Data excerpts
-----

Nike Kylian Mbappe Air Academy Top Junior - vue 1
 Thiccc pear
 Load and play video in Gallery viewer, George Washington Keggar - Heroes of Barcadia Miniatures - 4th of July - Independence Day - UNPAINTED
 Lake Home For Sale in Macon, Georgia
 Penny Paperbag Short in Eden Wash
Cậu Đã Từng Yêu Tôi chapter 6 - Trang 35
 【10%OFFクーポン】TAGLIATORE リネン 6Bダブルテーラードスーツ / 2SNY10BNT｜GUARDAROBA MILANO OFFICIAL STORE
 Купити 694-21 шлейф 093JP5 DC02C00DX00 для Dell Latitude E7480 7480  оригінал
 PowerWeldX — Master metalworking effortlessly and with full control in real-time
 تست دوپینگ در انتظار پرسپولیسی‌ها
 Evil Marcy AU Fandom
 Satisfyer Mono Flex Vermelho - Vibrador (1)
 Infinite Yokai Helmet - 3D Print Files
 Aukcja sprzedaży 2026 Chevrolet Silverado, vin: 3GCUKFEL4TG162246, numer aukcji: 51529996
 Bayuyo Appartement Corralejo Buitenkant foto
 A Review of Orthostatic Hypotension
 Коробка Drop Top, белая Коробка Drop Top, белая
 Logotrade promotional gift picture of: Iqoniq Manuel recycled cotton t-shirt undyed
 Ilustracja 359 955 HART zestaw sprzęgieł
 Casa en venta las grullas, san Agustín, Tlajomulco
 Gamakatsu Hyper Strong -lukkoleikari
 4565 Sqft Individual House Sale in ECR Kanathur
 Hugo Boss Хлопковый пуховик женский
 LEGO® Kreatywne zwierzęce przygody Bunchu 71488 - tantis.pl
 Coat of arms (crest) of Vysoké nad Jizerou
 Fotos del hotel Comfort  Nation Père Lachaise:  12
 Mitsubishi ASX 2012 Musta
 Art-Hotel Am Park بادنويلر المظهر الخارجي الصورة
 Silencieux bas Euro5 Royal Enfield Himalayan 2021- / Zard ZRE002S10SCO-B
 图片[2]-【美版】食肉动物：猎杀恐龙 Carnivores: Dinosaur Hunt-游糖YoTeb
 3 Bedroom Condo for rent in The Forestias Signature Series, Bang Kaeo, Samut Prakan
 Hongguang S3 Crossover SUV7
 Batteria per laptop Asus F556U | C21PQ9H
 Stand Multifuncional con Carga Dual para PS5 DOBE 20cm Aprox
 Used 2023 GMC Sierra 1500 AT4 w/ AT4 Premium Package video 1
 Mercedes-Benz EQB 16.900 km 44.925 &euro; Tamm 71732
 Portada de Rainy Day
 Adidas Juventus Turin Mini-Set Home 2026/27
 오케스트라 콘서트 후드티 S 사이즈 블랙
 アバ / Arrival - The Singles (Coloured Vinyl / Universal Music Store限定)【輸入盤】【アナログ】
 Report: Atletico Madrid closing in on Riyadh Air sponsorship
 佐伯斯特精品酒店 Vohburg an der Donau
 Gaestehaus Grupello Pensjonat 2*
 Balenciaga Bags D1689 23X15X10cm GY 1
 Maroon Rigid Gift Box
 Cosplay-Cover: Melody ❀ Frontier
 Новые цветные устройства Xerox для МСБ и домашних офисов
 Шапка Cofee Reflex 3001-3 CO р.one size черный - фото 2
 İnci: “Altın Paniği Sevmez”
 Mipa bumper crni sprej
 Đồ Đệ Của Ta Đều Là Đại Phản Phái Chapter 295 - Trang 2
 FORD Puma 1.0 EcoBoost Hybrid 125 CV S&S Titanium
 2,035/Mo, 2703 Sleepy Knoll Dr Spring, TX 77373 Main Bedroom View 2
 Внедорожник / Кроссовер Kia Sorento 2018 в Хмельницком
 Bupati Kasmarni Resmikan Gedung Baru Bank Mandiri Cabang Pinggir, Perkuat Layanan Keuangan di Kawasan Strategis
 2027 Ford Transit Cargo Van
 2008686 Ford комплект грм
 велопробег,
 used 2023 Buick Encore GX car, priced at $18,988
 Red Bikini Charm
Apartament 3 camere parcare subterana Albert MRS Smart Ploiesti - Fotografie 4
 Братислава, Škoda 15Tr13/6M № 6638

-----

*Task statement*. Output the records exactly, including every line.

*Reply to the exercise*.
Nike Kylian Mbappe Air Academy Top Junior - vue 1
 Thiccc pear
 Load and play video in Gallery viewer, George Washington Keggar - Heroes of Barcadia Miniatures - 4th of July - Independence Day - UNPAINTED
 Lake Home For Sale in Macon, Georgia
 Penny Paperbag Short in Eden Wash
Cậu Đã Từng Yêu Tôi chapter 6 - Trang 35
 【10%OFFクーポン】TAGLIATORE リネン 6Bダブルテーラードスーツ / 2SNY10BNT｜GUARDAROBA MILANO OFFICIAL STORE
 Купити 694-21 шлейф 093JP5 DC02C00DX00 для Dell Latitude E7480 7480  оригінал
 PowerWeldX — Master metalworking effortlessly and with full control in real-time
 تست دوپینگ در انتظار پرسپولیسی‌ها
 Evil Marcy AU Fandom
 Satisfyer Mono Flex Vermelho - Vibrador (1)
 Infinite Yokai Helmet - 3D Print Files
 Aukcja sprzedaży 2026 Chevrolet Silverado, vin: 3GCUKFEL4TG162246, numer aukcji: 51529996
 Bayuyo Appartement Corralejo Buitenkant foto
 A Review of Orthostatic Hypotension
 Коробка Drop Top, белая Коробка Drop Top, белая
 Logotrade promotional gift picture of: Iqoniq Manuel recycled cotton t-shirt undyed
 Ilustracja 359 955 HART zestaw sprzęgieł
 Casa en venta las grullas, san Agustín, Tlajomulco
 Gamakatsu Hyper Strong -lukkoleikari
 4565 Sqft Individual House Sale in ECR Kanathur
 Hugo Boss Хлопковый пуховик женский
 LEGO® Kreatywne zwierzęce przygody Bunchu 71488 - tantis.pl
 Coat of arms (crest) of Vysoké nad Jizerou
 Fotos del hotel Comfort  Nation Père Lachaise:  12
 Mitsubishi ASX 2012 Musta
 Art-Hotel Am Park بادنويلر المظهر الخارجي الصورة
 Silencieux bas Euro5 Royal Enfield Himalayan 2021- / Zard ZRE002S10SCO-B
 图片[2]-【美版】食肉动物：猎杀恐龙 Carnivores: Dinosaur Hunt-游糖YoTeb
 3 Bedroom Condo for rent in The Forestias Signature Series, Bang Kaeo, Samut Prakan
 Hongguang S3 Crossover SUV7
 Batteria per laptop Asus F556U | C21PQ9H
 Stand Multifuncional con Carga Dual para PS5 DOBE 20cm Aprox
 Used 2023 GMC Sierra 1500 AT4 w/ AT4 Premium Package video 1
 Mercedes-Benz EQB 16.900 km 44.925 &euro; Tamm 71732
 Portada de Rainy Day
 Adidas Juventus Turin Mini-Set Home 2026/27
 오케스트라 콘서트 후드티 S 사이즈 블랙
 アバ / Arrival - The Singles (Coloured Vinyl / Universal Music Store限定)【輸入盤】【アナログ】
 Report: Atletico Madrid closing in on Riyadh Air sponsorship
 佐伯斯特精品酒店 Vohburg an der Donau
 Gaestehaus Grupello Pensjonat 2*
 Balenciaga Bags D1689 23X15X10cm GY 1
 Maroon Rigid Gift Box
 Cosplay-Cover: Melody ❀ Frontier
 Новые цветные устройства Xerox для МСБ и домашних офисов
 Шапка Cofee Reflex 3001-3 CO р.one size черный - фото 2
 İnci: “Altın Paniği Sevmez”
 Mipa bumper crni sprej
 Đồ Đệ Của Ta Đều Là Đại Phản Phái Chapter 295 - Trang 2
 FORD Puma 1.0 EcoBoost Hybrid 125 CV S&S Titanium
 2,035/Mo, 2703 Sleepy Knoll Dr Spring, TX 77373 Main Bedroom View 2
 Внедорожник / Кроссовер Kia Sorento 2018 в Хмельницком
 Bupati Kasmarni Resmikan Gedung Baru Bank Mandiri Cabang Pinggir, Perkuat Layanan Keuangan di Kawasan Strategis
 2027 Ford Transit Cargo Van
 2008686 Ford комплект грм
 велопробег,
 used 2023 Buick Encore GX car, priced at $18,988
 Red Bikini Charm
Apartament 3 camere parcare subterana Albert MRS Smart Ploiesti - Fotografie 4
 Братислава, Škoda 15Tr13/6M № 6638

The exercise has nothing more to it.